7 Upstream data and data contribution

Data flywheels / contribution pathways are one part of the broader “data strategy” for an AI product or organization. Another key factor is making the full public AI pipeline is transparent is telling users about upstream data. Typically, the terms of service for an application or flywheel try to tell users where the data will go; but it can also be useful to tell users about where the data/AI come from.

7.0.1 AI builder attribution

At a high-level: in each interaction between users and a public AI system, we want to attribute the organization who did the hard work of prepping a model. Ideally, we also want to attribute the original data creators, though in some cases practical constraints make this hard.

The custom text, branding, etc. within an AI interface can provide organization- specific, with the goal of making sure all model builders are happy. Can even highlight other interfaces/endpoints, something private AI systems are less likely to do.
Important to get this right so that model developers don’t “back out” of the inference MVP and just switch to their own sovereign interfaces

7.0.2 Data attribution

Another way that public AI platforms can differentiate themselves from private AI is by heavily emphasizing data attribution.

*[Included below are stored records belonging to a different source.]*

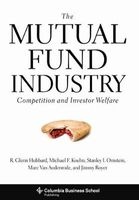 The Mutual Fund Industry - Competition and Investor Welfare (Hardcover) - R Glenn Hubbard Photo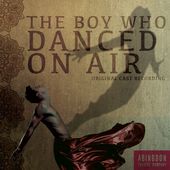 The Boy Who Danced on Air [Original Cast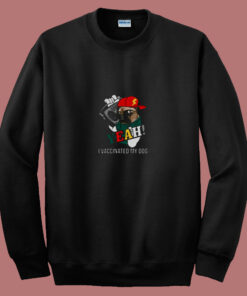 Yeah I Vaccinated My Dog 80s Sweatshirt Yeah I Vaccinated My Dog 80s Sweatshirt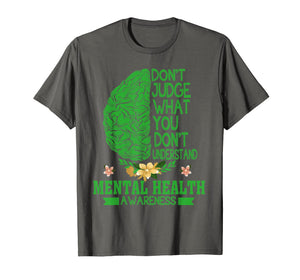 Mental-Health-Don't Judge What You Don't Understand-T shirt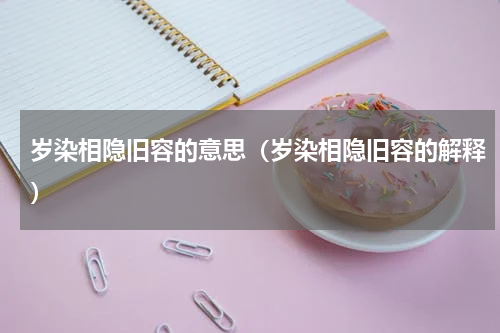 岁染相隐旧容的意思（岁染相隐旧容的解释）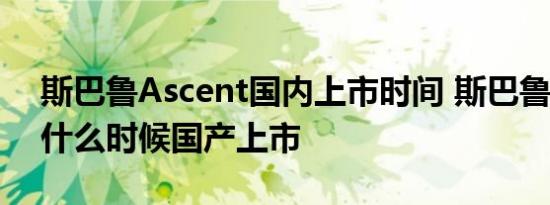 斯巴鲁Ascent国内上市时间 斯巴鲁Ascent什么时候国产上市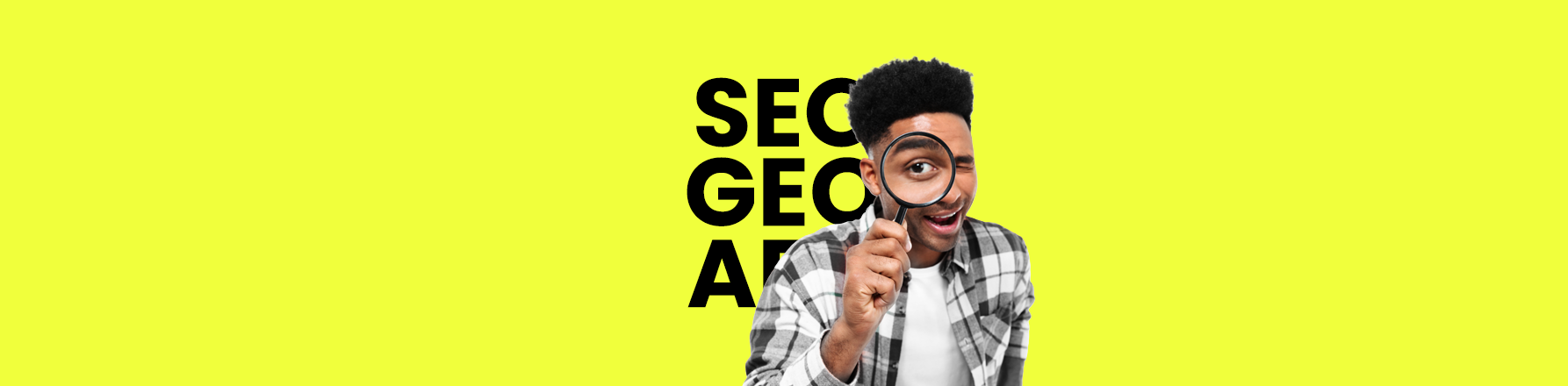 man holding magnifying glass in front of SEO GEO AEO text on yellow background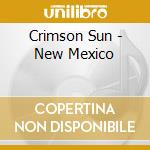 Crimson Sun - New Mexico cd musicale di Crimson Sun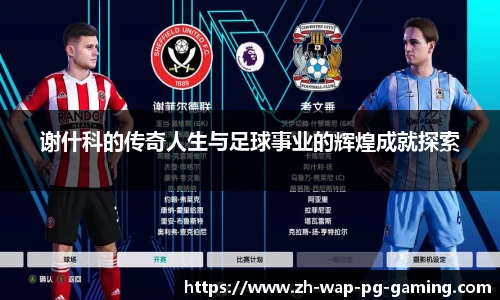 谢什科的传奇人生与足球事业的辉煌成就探索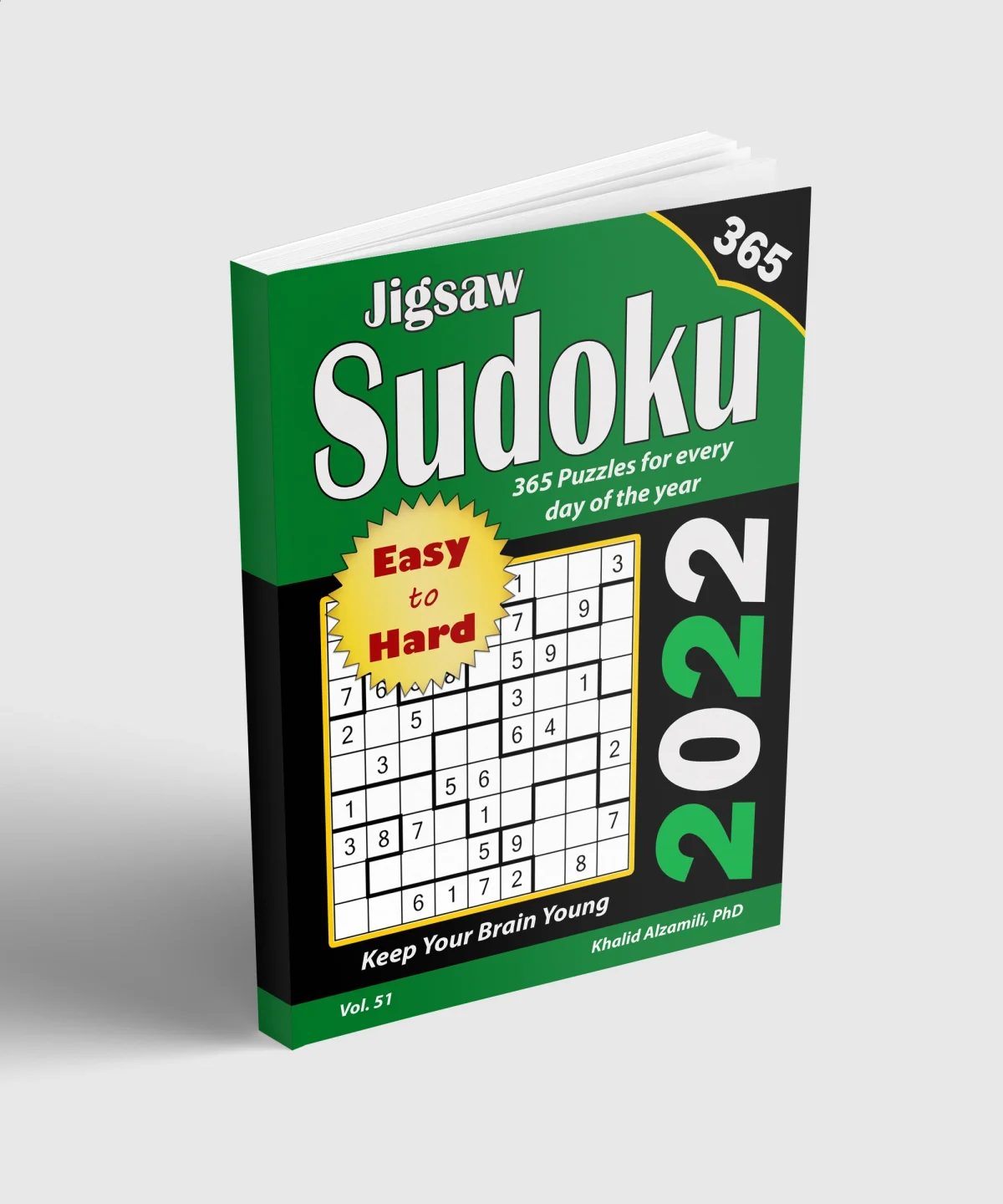 2022 Jigsaw Sudoku : 365 Easy to Hard Puzzles for Every Day of the Year : Keep Your Brain Young by Dr. Khalid Alzamili – standing book view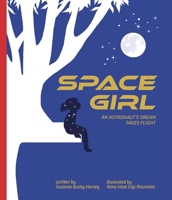 Space Girl : Astronaut Jessica Meir Takes Flight 195427730X Book Cover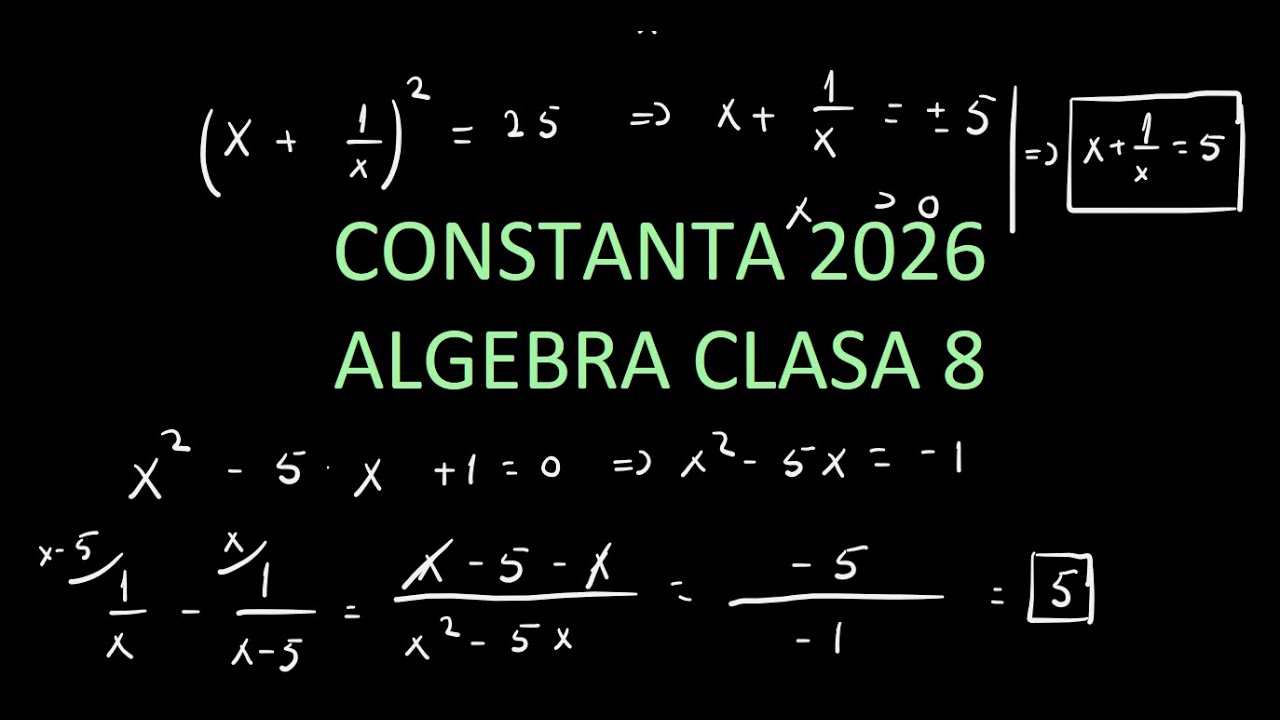 Olimpiada Locala Constanta 2026 – Clasa a 8 a 2 Probleme de Algebra Rezolvare Explicata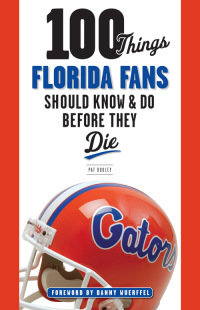 صورة الغلاف: 100 Things Florida Fans Should Know & Do Before They Die 9781600788499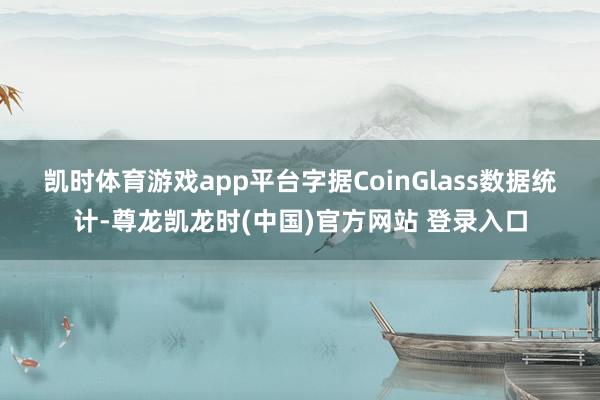 凯时体育游戏app平台　　字据CoinGlass数据统计-尊龙凯龙时(中国)官方网站 登录入口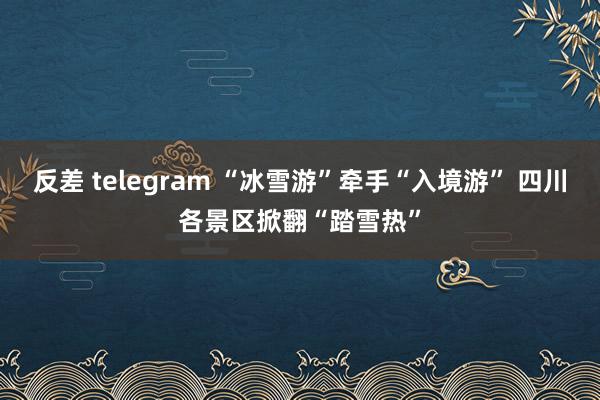 反差 telegram “冰雪游”牵手“入境游” 四川各景区掀翻“踏雪热”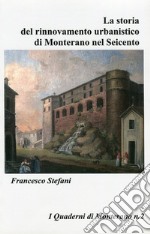 La storia del rinnovamento urbanistico di Monterano nel Seicento libro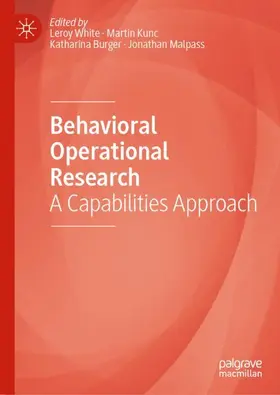 White / Malpass / Kunc |  Behavioral Operational Research | Buch |  Sack Fachmedien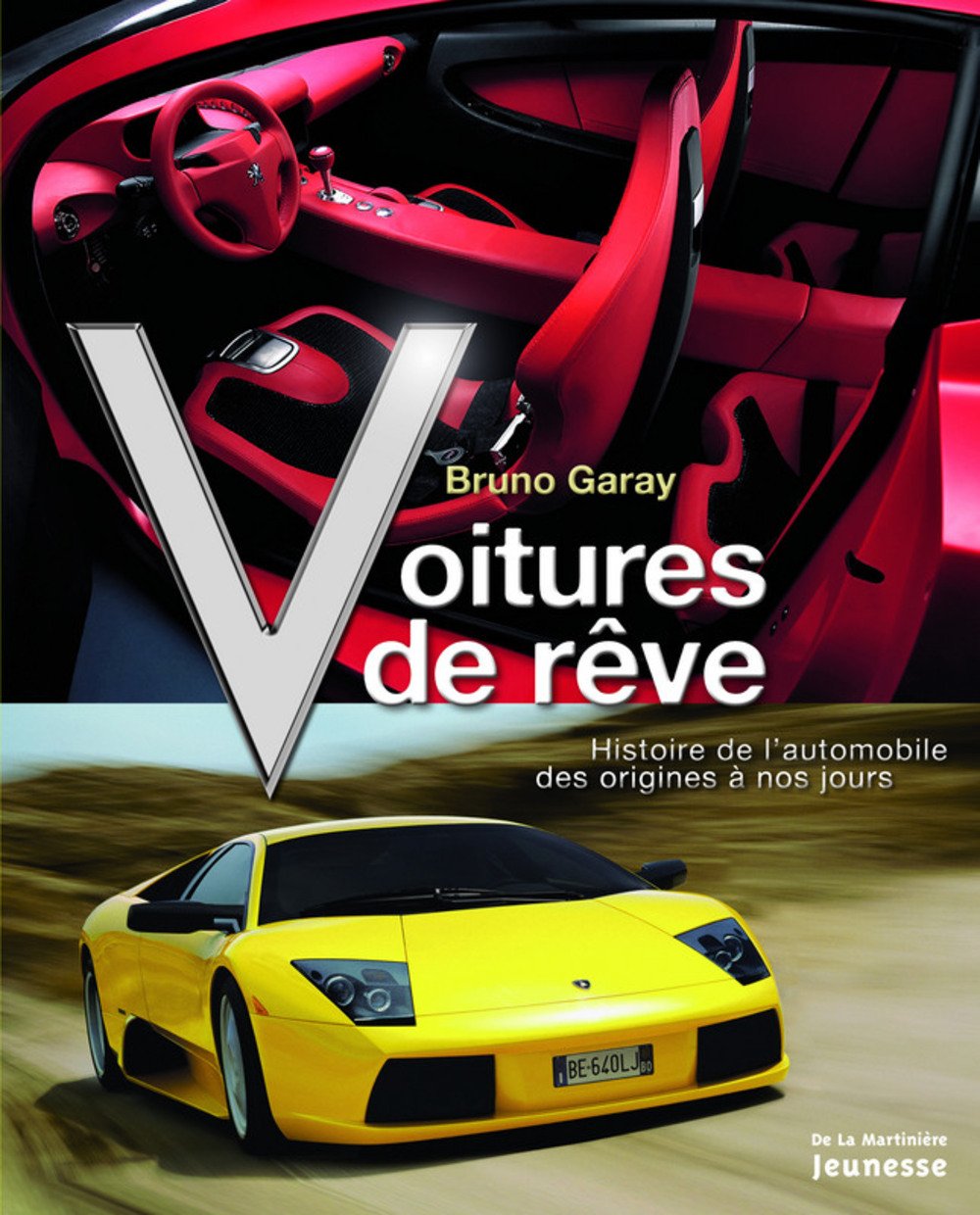 Voitures de rêve: Histoire de l'automobile des origines à nos jours 9782732443461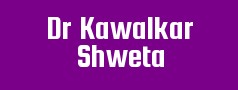 Dr Kawalkar Shweta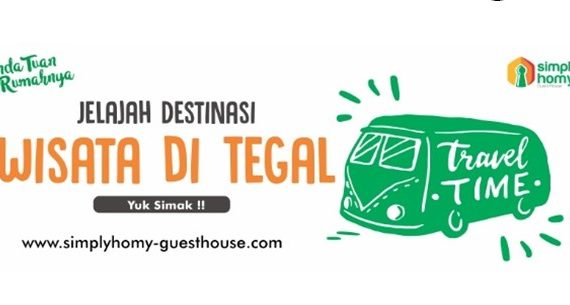 5 Destinasi Wisata di Tegal yang bisa di jadikan Referensi untuk Liburan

This might involve showing users data cards, incorporating features like OlmoTrace (Liu et al. 2025), etc.

7.1 Why does upstream matter?

Telling users about upstream data is a key part of system-wide transparency. Transparency on both fronts (model builders, data) has the potential to provide further incentive to users to provide data in the first place (because, e.g., they specifically want to support one of the organizations providing models or data).

There are a number of other exciting conncetions between data valuation/attribution, collective action in data (algorithmic collective action, data leverage), and flywheels.